EXTRACTED MATERIAL:
- - -

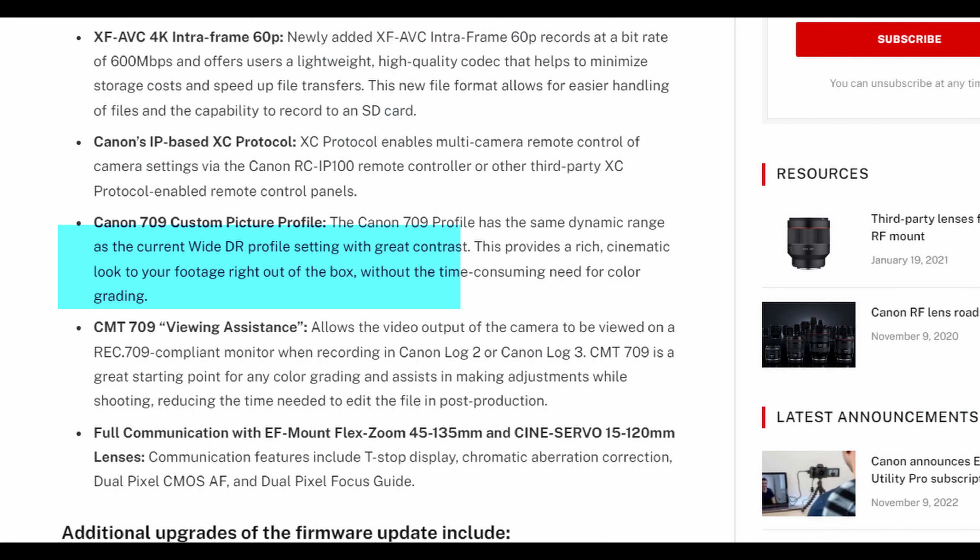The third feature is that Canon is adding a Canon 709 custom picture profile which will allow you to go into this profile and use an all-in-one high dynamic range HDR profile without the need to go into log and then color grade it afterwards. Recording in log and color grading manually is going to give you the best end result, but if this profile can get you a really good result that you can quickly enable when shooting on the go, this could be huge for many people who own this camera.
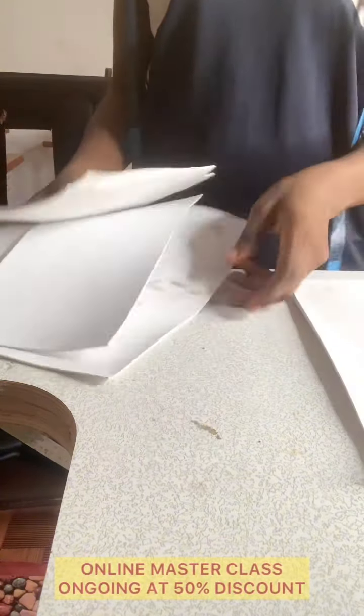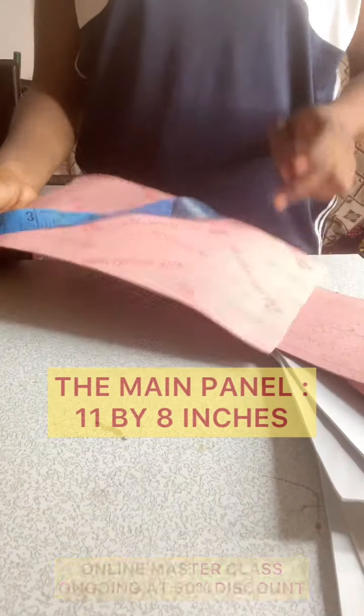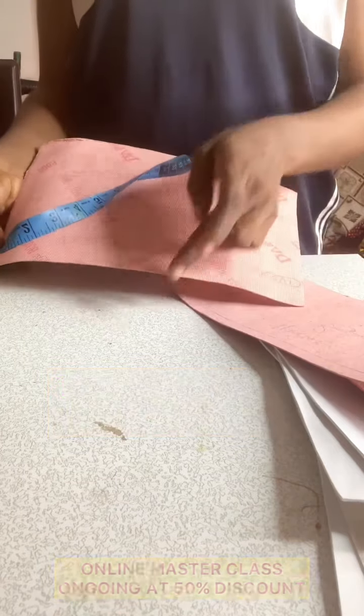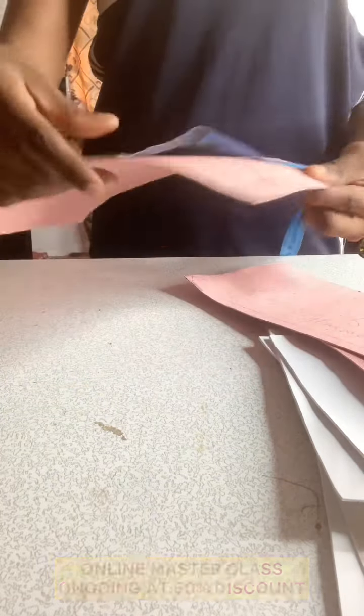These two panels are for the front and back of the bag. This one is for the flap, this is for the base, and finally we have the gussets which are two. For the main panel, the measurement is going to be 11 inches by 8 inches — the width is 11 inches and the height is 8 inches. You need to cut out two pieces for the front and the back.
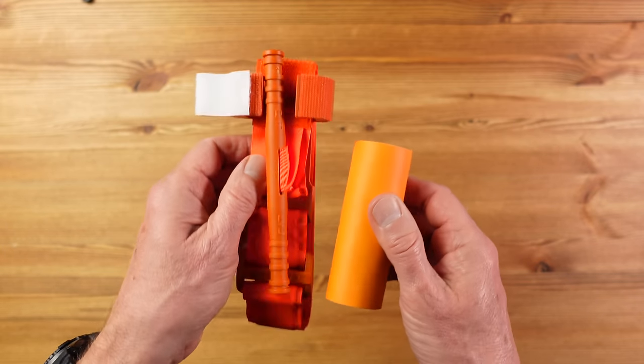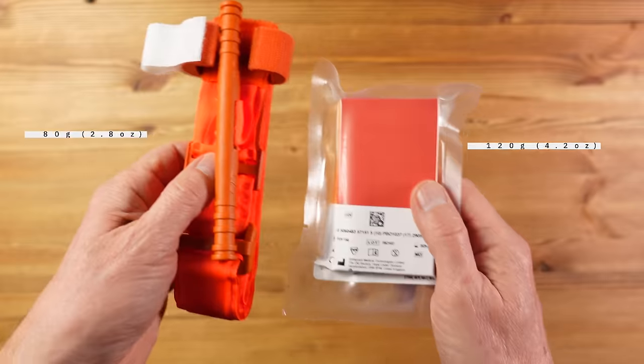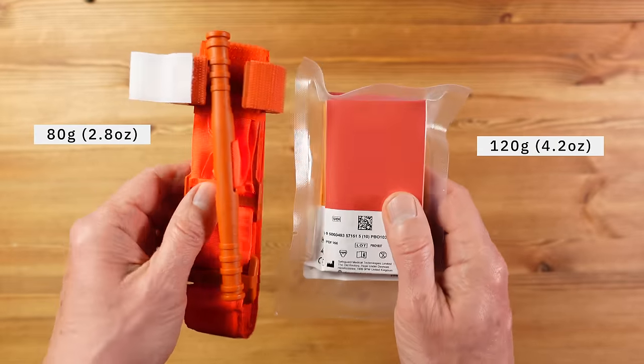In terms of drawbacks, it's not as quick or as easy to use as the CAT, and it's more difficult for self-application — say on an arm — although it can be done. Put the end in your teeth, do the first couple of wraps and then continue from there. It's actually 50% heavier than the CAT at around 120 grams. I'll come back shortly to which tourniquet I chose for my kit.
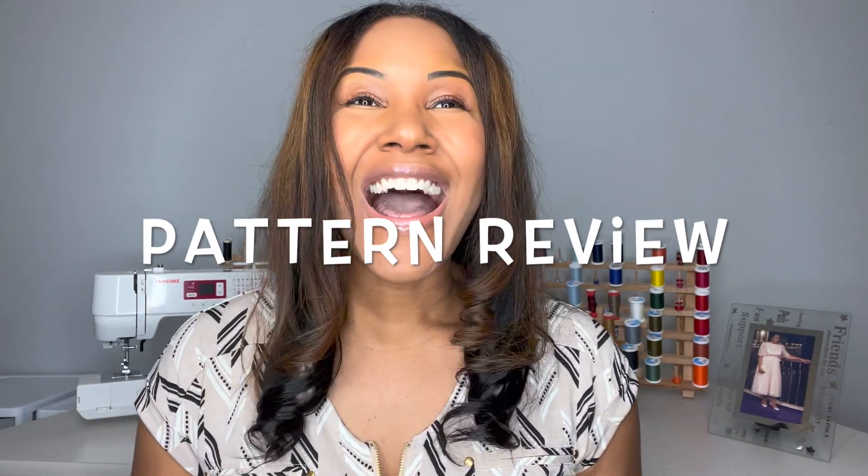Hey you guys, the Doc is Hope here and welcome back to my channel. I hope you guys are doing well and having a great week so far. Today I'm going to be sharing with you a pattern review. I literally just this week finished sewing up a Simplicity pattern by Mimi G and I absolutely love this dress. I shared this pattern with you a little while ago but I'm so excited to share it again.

- - -

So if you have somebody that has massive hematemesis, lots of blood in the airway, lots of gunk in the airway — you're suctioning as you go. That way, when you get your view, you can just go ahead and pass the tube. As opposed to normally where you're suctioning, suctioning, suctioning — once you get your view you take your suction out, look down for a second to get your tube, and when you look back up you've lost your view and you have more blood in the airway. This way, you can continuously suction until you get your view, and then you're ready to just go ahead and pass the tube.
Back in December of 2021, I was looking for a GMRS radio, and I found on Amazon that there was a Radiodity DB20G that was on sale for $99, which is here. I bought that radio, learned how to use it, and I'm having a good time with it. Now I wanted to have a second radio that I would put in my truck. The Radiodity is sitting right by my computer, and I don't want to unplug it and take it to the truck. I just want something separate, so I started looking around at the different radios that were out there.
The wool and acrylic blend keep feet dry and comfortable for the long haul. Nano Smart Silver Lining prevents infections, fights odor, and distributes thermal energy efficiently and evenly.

- - -

TASK DIRECTIONS: Referring to the material above, set down exactly the lines between the line with "Back in December" and the line with "The wool and", inclusive, and no other lines.

EXERCISE SOLUTION:
Back in December of 2021, I was looking for a GMRS radio, and I found on Amazon that there was a Radiodity DB20G that was on sale for $99, which is here. I bought that radio, learned how to use it, and I'm having a good time with it. Now I wanted to have a second radio that I would put in my truck. The Radiodity is sitting right by my computer, and I don't want to unplug it and take it to the truck. I just want something separate, so I started looking around at the different radios that were out there.
The wool and acrylic blend keep feet dry and comfortable for the long haul. Nano Smart Silver Lining prevents infections, fights odor, and distributes thermal energy efficiently and evenly.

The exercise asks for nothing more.